■ LISTED ENTRIES
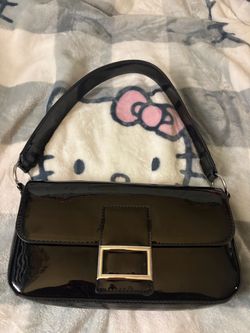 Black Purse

---

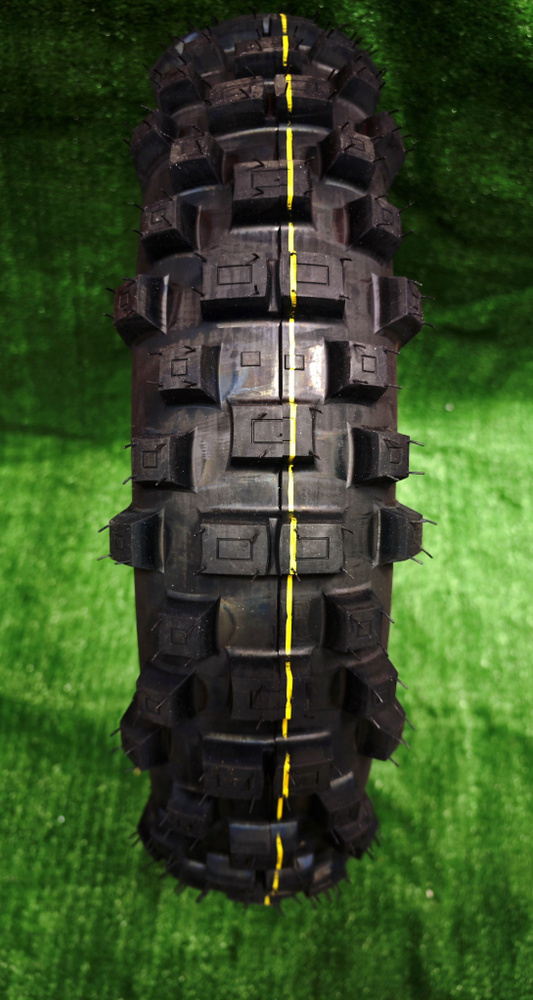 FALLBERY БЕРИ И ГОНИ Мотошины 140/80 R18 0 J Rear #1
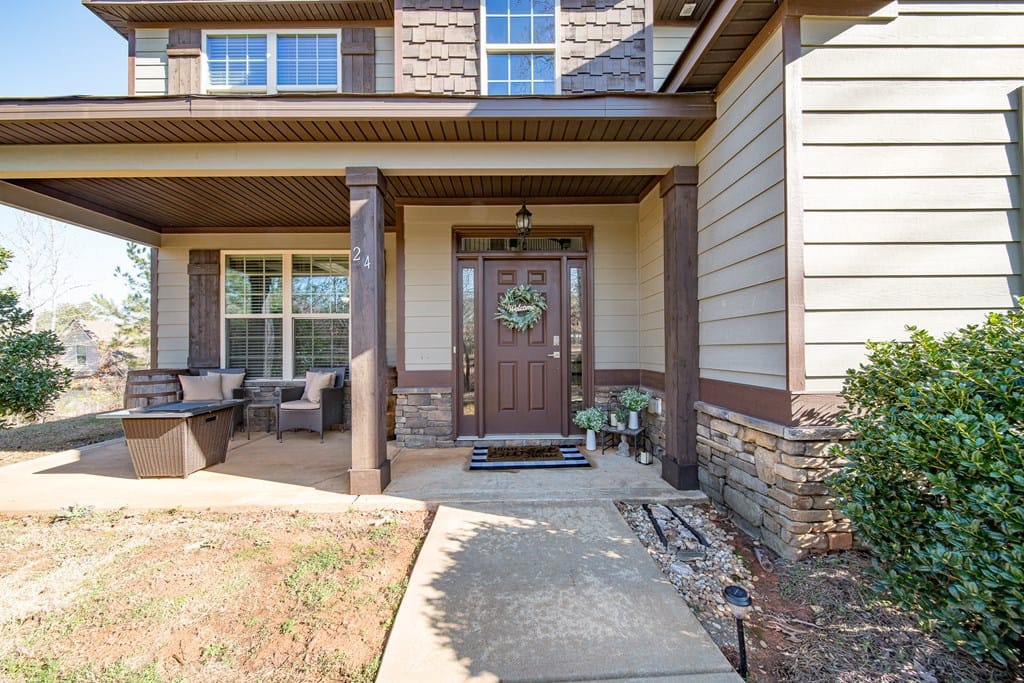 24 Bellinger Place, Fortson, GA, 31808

■ EXERCISE DETAILS
In the records above, find the line with "FALLBERY БЕРИ И" and the line with "24 Bellinger Place, Fortson, GA, 31808", then restate word for word only those two lines and all lines between, omitting pictures.

■ EXPECTED ANSWER
 FALLBERY БЕРИ И ГОНИ Мотошины 140/80 R18 0 J Rear #1
 24 Bellinger Place, Fortson, GA, 31808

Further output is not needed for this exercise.